E’ ormai chiaro a chiunque, eccetto agli stolti e agli ipocriti al soldo della cupola cabalista che le “cessioni di sovranità nazionale” prima alla UE, succesivamente alla costituenda sovrastruttura mondiale hanno come obiettivo la liquidazione-liquefazione degli Stati e dei diritti Sociali. Tutti i poteri e le prerogative statuali confluiranno nelle mani della Transnational Capitalist Class, quell’1% di criminali parassiti che si comportano come i veri Padroni del Mondo. Per il rimanente 99% della popolazione mondiale c’è l’alternativa del diavolo:o morte o schiavitù.
Nel mondo globalizzato la mentalità carnivora e criminale degli “squali di Wall Street” è diventata etica dominante. Il totalitarismo neoliberista ha permesso ad animali predatori di diventare i Padroni del Mondo. Come scrive il celeberrimo economista americano James Kenneth Galbraith (“Lo stato Predatore”),
Oggi, il segno del moderno capitalismo […] non è né la benefica concorrenza né la lotta di classe, né un’onnicomprensiva utopia del ceto medio. È la predazione invece ad essere diventata la caratteristica dominante, un sistema cioè nel quale i ricchi banchettano a spese del sistema, in decadenza, costruito per il ceto medio. La classe di predatori non è costituita dalla totalità dei ricchi: può anche essere osteggiata da molte persone di ricchezza equiparabile. Essa è tuttavia la forza egemone, quella che definisce le caratteristiche. I suoi attori controllano completamente lo stato nel quale viviamo.
Che lo Stato Italiano (soprattutto da quando viene governato dai Quisling del PD) sia diventato predatoreedivori letteralmente i suoi cittadini e le sue imprese come Saturno-Kronos divorava i suoi figli, non lo diciamo noi, ma lo afferma Gian Maria Fava, presidente dell’Eurispes:
Fisco e burocrazia stanno distruggendo il Paese. L’Italia è ormai come l’uroboro descritto qualche tempo fa da Gustavo Zagrebelsky. L’uroboro è l’immagine mitologica del serpente che mangia la sua coda nutrendosi di se stesso.

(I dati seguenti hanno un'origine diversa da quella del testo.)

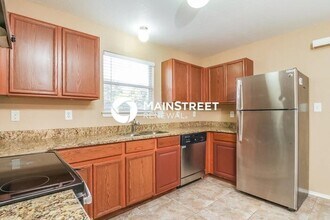 2115 Clear Ct in San Antonio, TX - Building Photo - Building Photo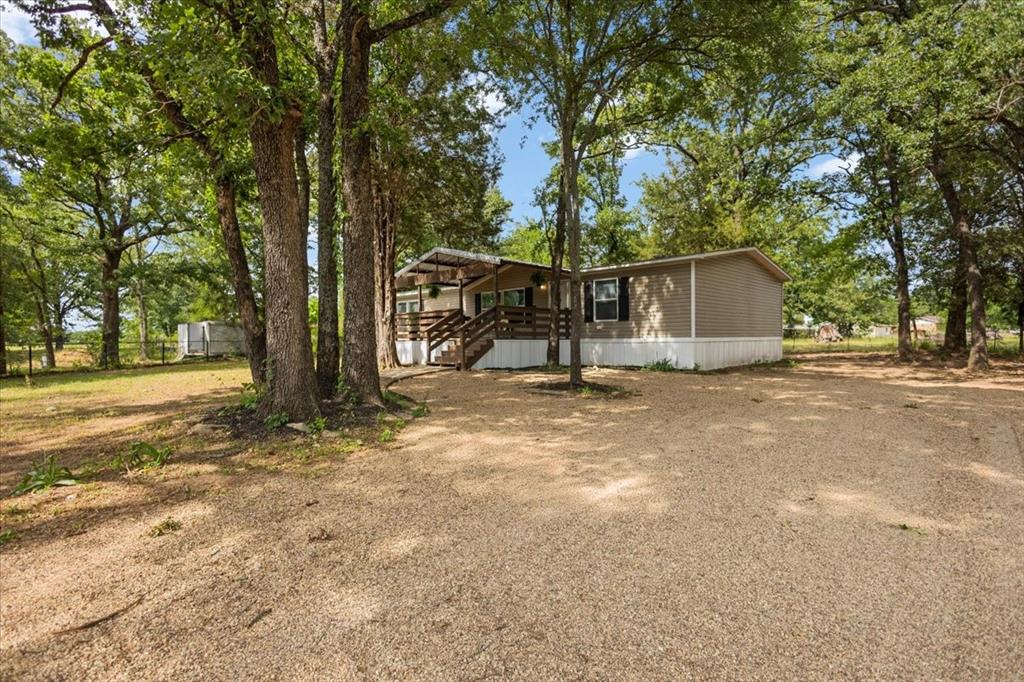 118 Cedar Ridge Drive Property Photo 3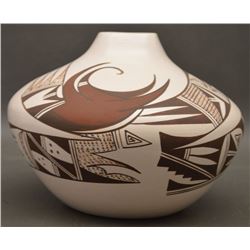HOPI INDIAN POTTERY JAR (NAVASIE)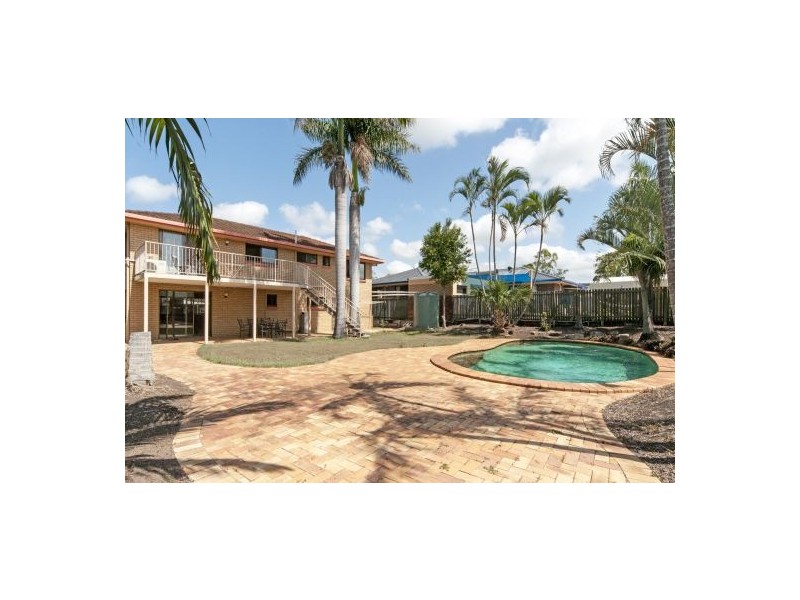 11 Dolomite St, Runcorn QLD 4113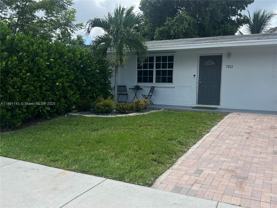 7012 Sw 19th St - Photo 1 of 1
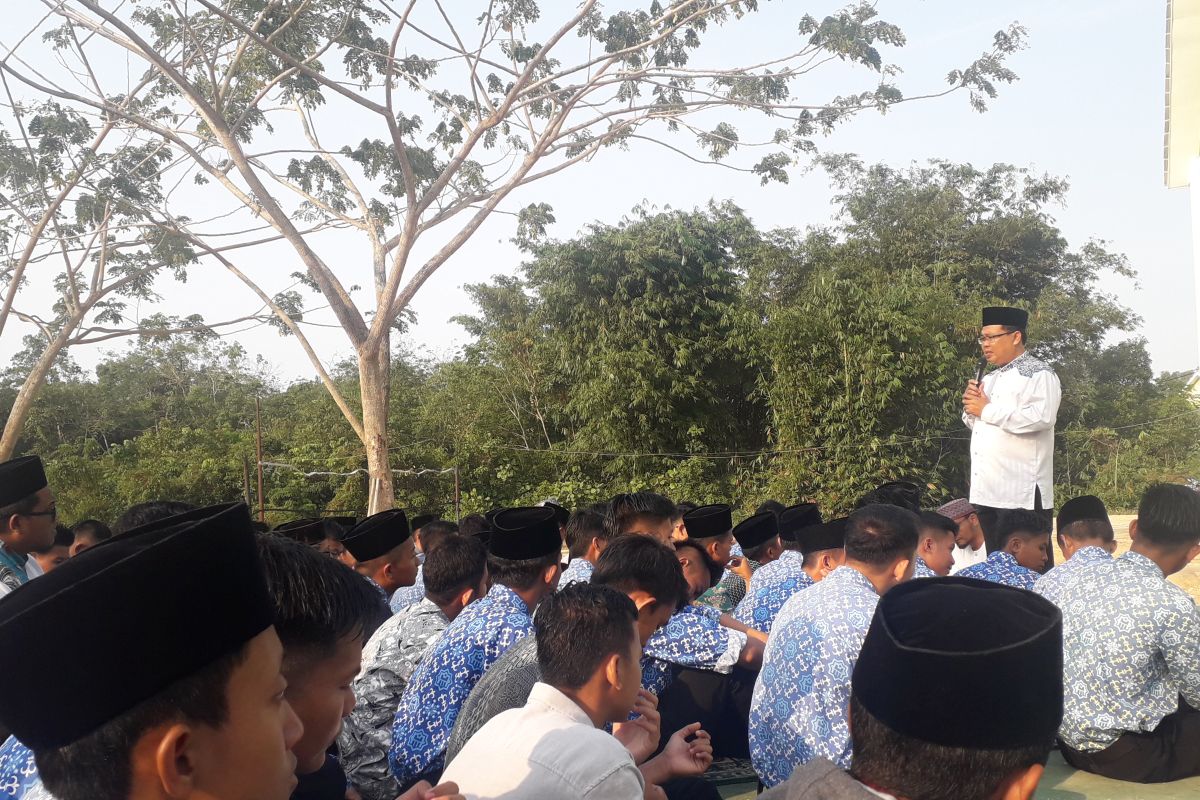 BJ Habibie Wafat - MAN IC Bangka Belitung selenggarakan sholat ghaib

In questo momento storico lo Stato sopravvive nutrendosi dei propri cittadini e delle proprie imprese, cioè della società che lo esprime. Con evidente miopia: che cosa accadrà quando non ci sarà più nulla di cui nutrirsi? Ed è questa la chiave per capire i motivi della crisi e della profonda sfiducia, quando non è odio, dei cittadini nei confronti delle Istituzioni e della politica.
Questa situazione insostenibile rende legittime le seguenti domande: lo Stato appartiene ai cittadini, o i cittadini appartengono allo Stato? Lo Stato è un’organizzazione di servizi a disposizione dei cittadini o questi sono al servizio dello Stato che ne organizza e ne gestisce la vita a suo piacimento?
In una società marcia dove il pensiero debole ha preso il sopravvento su ogni ideale Sociale e Nazionale, in cui spadroneggia la più oscena delle forme di Neoliberismo (Malthusiano, Socialdarwinista, Neofeudale, Aristocratico, in una parola, haiekiano) ci sono alcuni che tentano di rivitalizzare il concetto di solidarietà.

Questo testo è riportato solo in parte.